It’s a rainy Memorial Day weekend here in South Florida. The charts today include the month of April. This is the first look of how the coronavirus pandemic may be impacting real estate transaction volume and prices in the area. There’s no road trip to the Florida Keys this weekend, so how about a market snapshot while listening to Jimmy Buffett?
First Look at real estate prices
There was only a slight dip in the average sale prices of houses and condos during the month of April. Keep in mind that most of the deals that closed in April went under contract in February or March. The average sale price of a house was $548,505, down from $566,605 in March. The average sale price of a condo was $323,650, down from $341,785. Take a look at the slow grind higher in both the house and condo prices since the last recession.
First look at real estate transaction volume
The pace of real estate closings slowed for the month and that was to be expected due to the coronavirus. Sales of condos declined 36% from 3,998 in March to 2,552 in April. The number of houses sold dropped 24% from 3,996 in March to 3,041 in April. You will notice that there was a big decline last January, when there were 5,113 total closings. In comparison, the total for this April was actually 5,593 closed sales.

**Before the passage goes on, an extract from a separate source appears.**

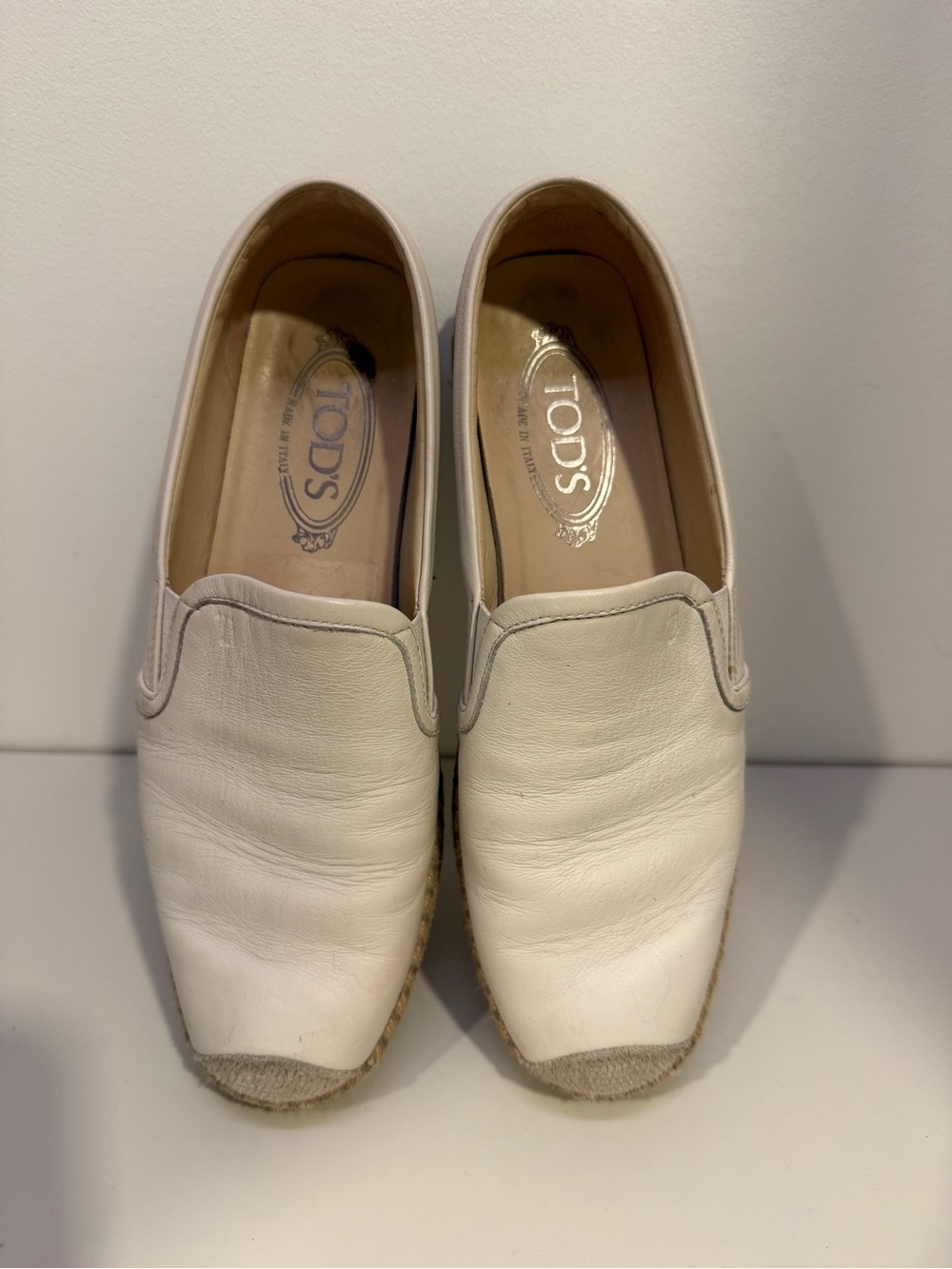 Tod's Ivory Leather Slip-On Loafers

Residential inventory in South Florida
There wasn’t much of a change in the number of houses and condo properties on the market in Miami-Dade, Broward and Palm Beach County last month. Total inventory was 46,022 properties in April, down from 46,632 in March. The first data point in this chart was a total of 72,241 properties available for sale in January 2011 when the housing bubble burst. With inventory at current levels, is it a good time for speculators in the vacation rental market to list their properties? Lower inventory and historically low mortgage rates could provide a nice buffer for prices during otherwise uncertain times.
One key component to supporting the housing market is a ridiculously low cost of borrowing. Rates have been low for the past decade and probably won’t move much higher anytime soon.